1) Types d’illégalités

En soi, la propagande un peu excessive n’est pas illégale. Comme la publicité, c’est un dolus bonus. Mais elle peut devenir illégale dans 2 types de situations :

1°. Quand elle a faussé le résultat des élections en induisant l’électeur à se prononcer autrement qu’il ne l’aurait fait s’il avait reçu une information correcte (

Dans ce cas, la sanction peut être l’annulation des élections

2°. Quand elle a violé la loi de 1994 en matière de propagande et de dépenses électorales (

Dans ce cas, la sanction peut être

- soit l’annulation des élections s’il y a eu une influence sur la répartition des sièges entre les listes

- soit la privation de son mandat pour le candidat qui a violé la loi ou pour le candidat de tête de liste quand c’est toute la liste qui a violé la loi

2) Commentaire(à titre indicatif)

La loi de 1994 est une très bonne initiative en soi, mais à l’occasion, on aurait dû repenser les sanctions.

En effet, aujourd’hui, on a parfois des aberrations :

- un candidat qui a commis une violation de la loi, même peu grave (ex. distribuer des gadgets avec son nom), peut être privé de son siège.

- par contre, une liste qui a commis une fraude plus grave (ex. produire une liste de présentation par les électeurs obtenue avec des fausses signatures, cf. liste du FN aux élections à Saint-Gilles en 1994) peut entraîner l’annulation des élections et sanctionner tout le monde plutôt que d’être simplement privée de ses élus.

c) Conditions d’éligibilité

Pour être élu aux élections communales, il faut réunir des conditions de :

- âge

- nationalité

- absence de déchéance

- domicile dans la commune : c’est cette condition qui pose le plus de problèmes. En effet, il ne suffit pas d’être inscrit aux registres de la population : il faut aussi résider effectivement dans la commune. C’est parfois difficile à vérifier. Quoi qu’il en soit, c’est une condition importante et pas seulement de pure forme : il est normal qu’une commune soit gérée par ses habitants et non par des politiciens « parachutés » là pour faire des voix.

d) Le déroulement des opérations électorales

On invoque souvent des irrégularités commises lors du vote ou du dépouillement, mais presque toujours sans succès.

En effet, il y a presque toujours des irrégularités : c’est normal puisque les assesseurs ne sont pas des professionnels. Mais la plupart agissent avec bonne foi et bonne volonté et, de plus, les opérations électorales se déroulent en la présence de témoins des différents partis. Les véritables fraudes sont donc très rares.

4. Les irrégularités commises par la députation permanente ne peuvent être invoquées devant le CE

En matière d’élections communales, le CE est une juridiction d’appel et non de cassation : elle rejuge tout le fond mais ne juge pas les éventuelles irrégularités commises par le 1er juge.
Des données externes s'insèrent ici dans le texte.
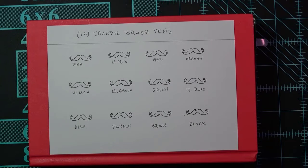Hey, how's it going? Swatch with me — 12 Sharpie brush pens. Go grab your stuff. Hit pause, go grab your stuff and come back and hit play.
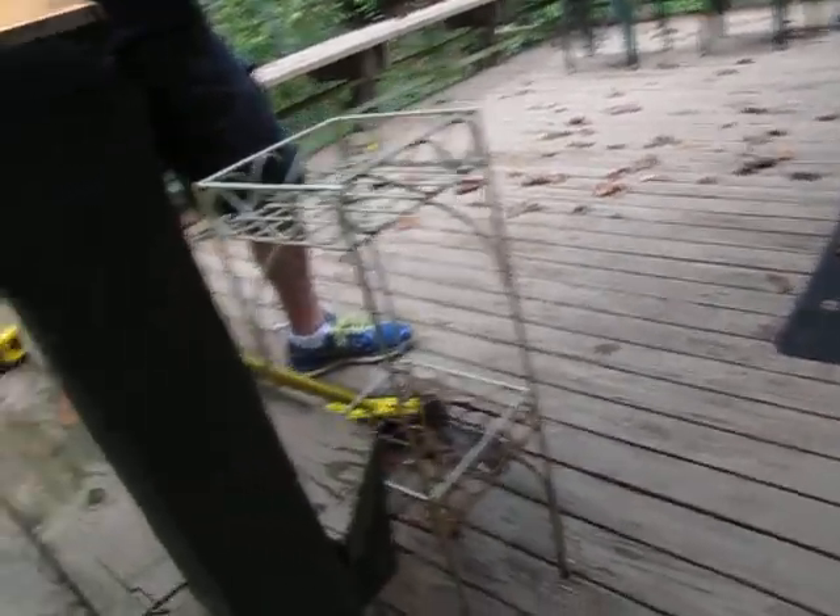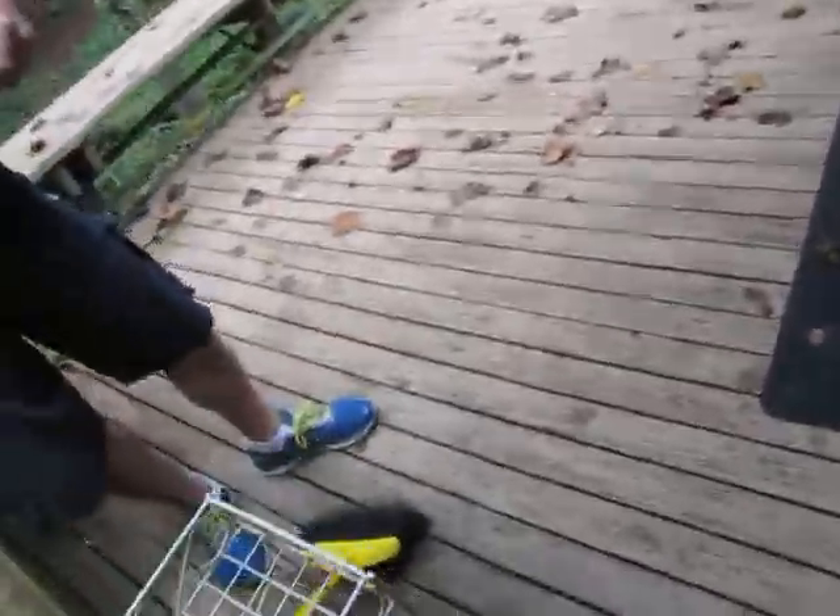We're pulling Trex off the decks right now because it doesn't work. So we're not replacing those deck boards.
De toute façon, comme sa décision se substitue à celle de la députation permanente, elle couvre ses irrégularités.

V. Le contentieux des élections au CPAS

1. Introduction

Le CPAS est une sorte de paracommunal chargé de :

- l’assistance aux personnes dans le besoin

- la gestion des hôpitaux et services sanitaires des pouvoirs publics

Il est administré par :

- le Conseil de l’action sociale (9 à 15 membres selon la population de la commune)

- le bureau permanent (3 à 5 membres)

- le président

Le bourgmestre de la commune peut aussi assister voire présider aux séances du Conseil de l’action sociale.

1. L’élection du Conseil de l’action sociale

Les membres du Conseil de l’action sociale sont élus tous les 6 ans par le Conseil communal après son renouvellement.

1. Validation et contentieux

L’élection du Conseil de l’action sociale est validée et peut subir les mêmes recours que l’élection du Conseil communal, à quelques variantes près.

La plus grosse différence est que les instances chargées de la validation et du recours peuvent beaucoup plus facilement annuler l’élection. Son annulation a en effet des conséquences beaucoup moins lourdes que celle des élections communales puisqu’il est très facile de recommencer le vote.

VI. Le contentieux des élections des conseils de police

En 2001-2002, on a mis en place la réforme des polices et installé une police intégrée structurée à 2 niveaux :

- la police fédérale

- la police locale

Au niveau de la police locale, l’organisation et la gestion se font par zone de police. On a 2 types de zones :

- les zones unicommunales : là, les compétences sont exercées par le Conseil communal et le Collège des bourgmestre et échevins.

- les zones pluricommunales : là, les compétences sont exercées par le Conseil de police et le Collège de police. Ces organes sont élus par les Conseils communaux des différentes communes qui composent la zone, comme les membres du Conseil de l’action sociale et au même moment. La validation de cette élection et les voies de recours sont les mêmes que pour l’élection du Conseil de l’action sociale.

VII. Le contentieux de la désignation des mandataires locaux de certaines communes à facilités(à titre indicatif, et ce jusqu’au chapitre XIV)

1. Introduction

Afin de mettre fin à un contentieux politique récurrent qui menaçait les gouvernements, on a adopté le 09/08/88 la loi dite de pacification communautaire.

Elle instaure un système très complexe, applicable aux communes à statut linguistique spécial, mais pas de la même manière à chaque commune. La Cour d’arbitrage a estimé que ces variantes n’étaient pas discriminatoires.

1. L’élection des échevins

Dans certaines communes à statut linguistique spécial (les 6 communes à facilités de la périphérie bruxelloise, Fourons et Comines), la communauté considérée par la loi comme une minorité est en fait une majorité. Résultat : il y a un risque qu’aux élections communales, dans une commune située en Flandre, la majorité des sièges aille à des francophones qui pourraient exclure les Flamands du pouvoir.

Pour éviter ça, la loi de pacification communautaire a prévu 2 garanties :

- l’élection directe des échevins : au lieu d’être élus par le conseil communal, ils sont automatiquement désignés parmi les 1ers conseillers communaux élus.

- la délibération au consensus du Collèges des bourgmestre et échevins : plutôt qu’une règle de majorité, on a une règle de consensus. Si celui-ci ne peut être trouvé, la question est débattue au Conseil communal. Ainsi, l’opinion de l’échevin de la communauté minoritaire ne peut être systématiquement écartée.

L’élection directe des échevins peut donner lieu à un contentieux qui est traité :

- dans les 6 communes à facilités de la périphérie bruxelloise, comme le contentieux des élections communales (mais les réclamations ne peuvent être introduites auprès de la députation permanente que par les conseillers communaux)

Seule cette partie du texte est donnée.